As IP networks become faster (higher bandwidth) and more responsive (lower delay), the set of services implemented on IP-based networks has grown. This growth generates more revenue opportunities for service providers, and thus next-generation networks are all migrating toward IP technology. From an operator standpoint, services can be broken into four billable classes: 

(1) basic Internet services which are typically billed at a flat rate, 
(2) premium Internet services which are important not only to improve ARPU, but to add new services, 
(3) VPN services which can be billed by QoS level, and 
(4) operator premium services which are applications provided on the operator’s network.

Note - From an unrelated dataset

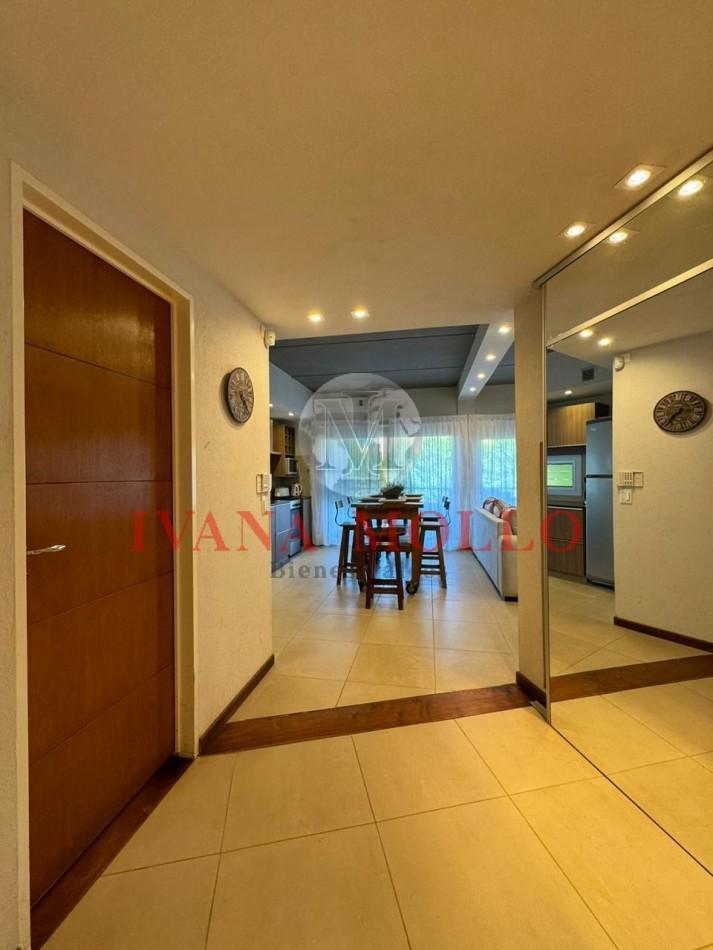 Foto de Departamento en venta 3 ambientes en Pinamar con pileta y cochera, imagen 1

The service providers are expected to gain profits through the sale of the different services and applications that WiMAX is capable of carrying. The different services that can be offered on WiMAX networks include best effort VoIP, carrier class IP telephony through the IP multimedia core, music, video conferencing, streaming video, interactive gaming, mobile instant messaging (IM), IP television (IPTV), basic broadband wireless Internet, and other application-based services to corporate customers. The concept of unbundling the network reduces the barriers of entry into the mobile telecommunications industry because a provider does not need to own the whole network.

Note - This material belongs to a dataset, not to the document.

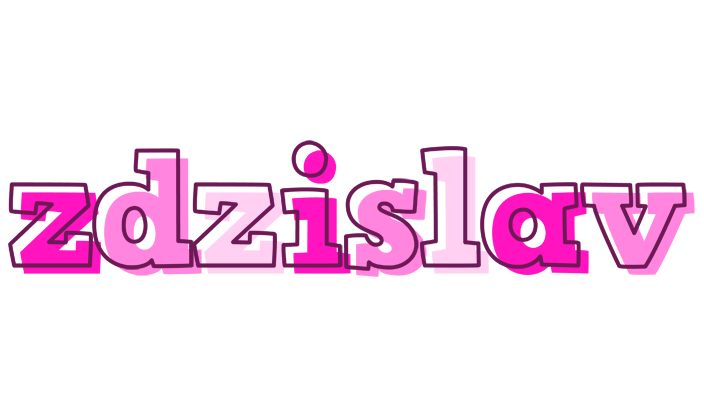 Zdzislav hello logo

The business aspect of the service providers can also be looked at from two perspectives. The first one is where the service provider owns the whole system including the core network and the access network. The second option is the unbundled option where the access network and core networks exist as independent business entities.
In emerging markets such as Africa, and South Asia where telecom investment is still nascent and 3G yet to be launched, WiMAX makes complete business sense even at equal cost, better speeds, better spectrum utilization, and the promise of broadband to a much sparsely spread population. For developed economies, the United States for instance, the 2.3 spectrum band is believed to be more capex efficient and hence better than 3G and high-speed uplink packet access (HSUPA). More importantly, the phase in the capex cycle of a telecom operator will determine each operator strategy—whether to embrace WiMAX or stick to its existing technology. The WiMAX industry entered the year 2007 as a year for ecosystem buildup in the preparation for regional and nationwide deployments of WiMAX services. It appears that 2008 will be a make-or-break period for WiMAX. Figure 1 shows a global WiMAX deployment by region.

Figure 1: Global WiMAX networks. APAC = Asia Pacific, CALA = Caribbean and Latin America.